Personally, never found timing a problem. Granted I do sciences and maths at A level but I have always had plenty of time to answer the questions and even at GCSE with the essay based subjects I found I had plenty of time too. With A levels the exams are roughly a mark per minute and I know that works for a lot of people. However much time we gave to an exam there would always be people who felt it was not enough and would want more time. I know in a 10 hour CA at GCSE people felt that wasn't long enough to write an essay (2000 words). The time limit ensures that people should have enough time to think and write their answers but also mean that they have to keep time. They can't spend ages waffling or ages thinking.
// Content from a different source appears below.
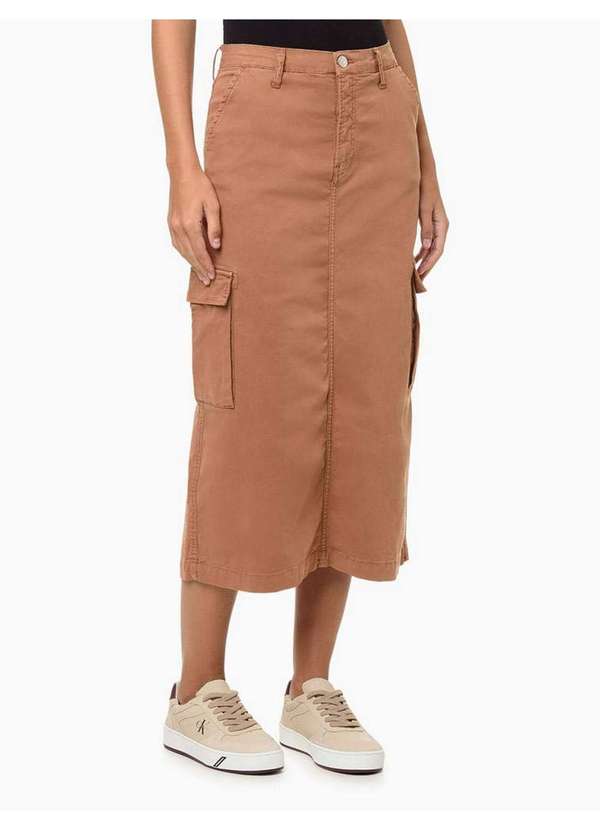 Calvin Klein Jeans - Saia Feminina Midi Cargo Calvin Klein Jeans - Caqui Medio Bege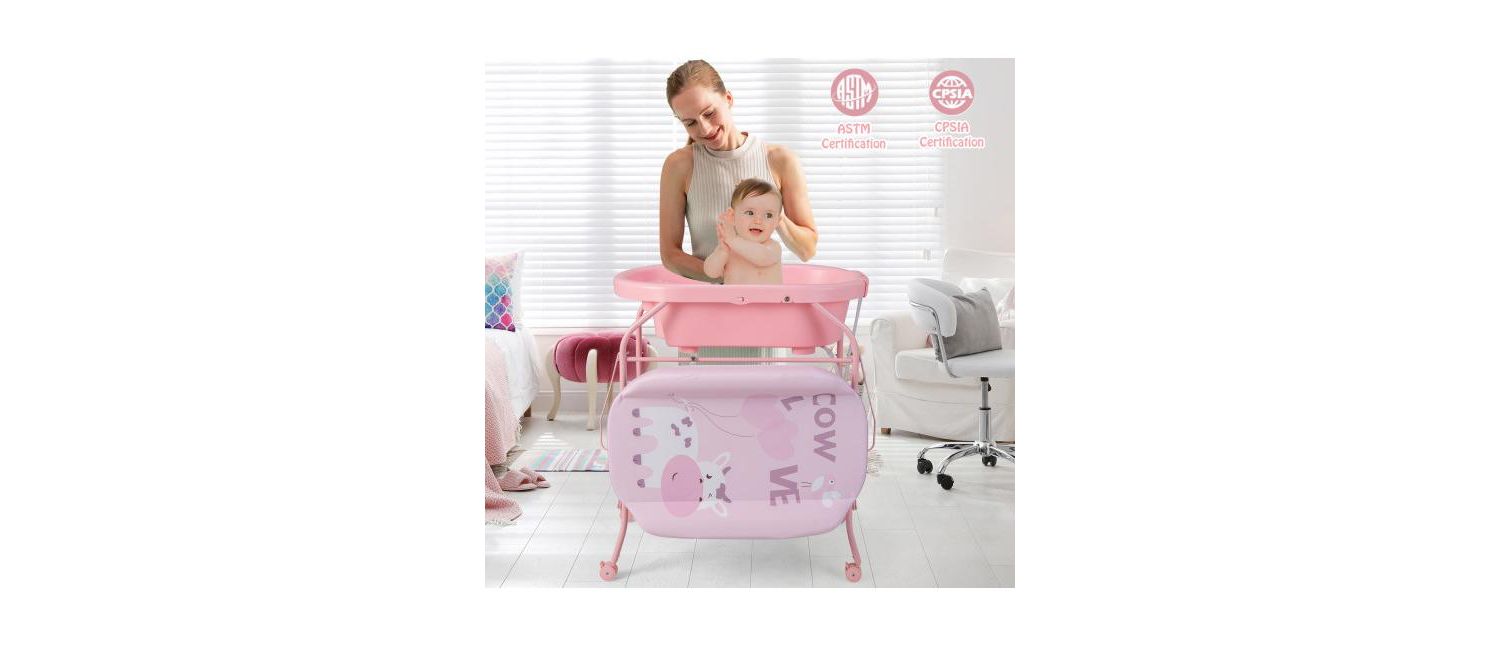 Portable Baby Changing Table with Storage Basket and Shelves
In reality you can't spend a long time thinking, you have to come to the correct answer quickly and correctly but you also have to make sure that if you are answering something you answer the question effectively. The example I always think of is that of a teacher. If a pupil comes up to a teacher and asks a question they don't understand, the teacher must answer it in a certain number of ways, instantly (or very quickly), correctly, and making it easily understandable. If the teacher takes too long to think it wont help the pupil, if the answer is wrong it really wont help the pupil and if the answer is confusing or contains a lot of waffle it wont be straight to the point and could confuse the pupil.
While I agree that exams are testing how much a student knows and should provide enough time to show that, students also should learn how to answer questions effectively so that they can do it in a set time. Life rarely gives you the opportunity to have as long as you want. If someone runs out of time in an exam they should think about why they ran out of time. Did they not understand the material so spent a long time thinking, did they not plan effectively or perhaps it was due to a lack of practice. For example in my physics class, we came out of a hard paper (1 hour long) but we ended up all doing quite well. One person came out of the exam saying that he felt the timing was a joke and there was not enough of it. In the mock papers we had done he took hours to complete a paper because he struggled with the content. Is that a fault of the timing of the paper? no, it was the fact he didn't understand and hadn't learnt the subject matter well enough.
Of course everyone is different and there are people who the things I have been talking about do not apply to and just do generally require more time to work and I think perhaps exams could be lengthened but not by much, 15 minutes or so maximum because otherwise it defeats the point of having a timed exam and equally you will get some students going, I finished 30-45 minutes before the exam finished and was sitting around for ages doing nothing, why couldn't the exams be shorter.
Personally after that long winded answer :P I think exams are good as they are.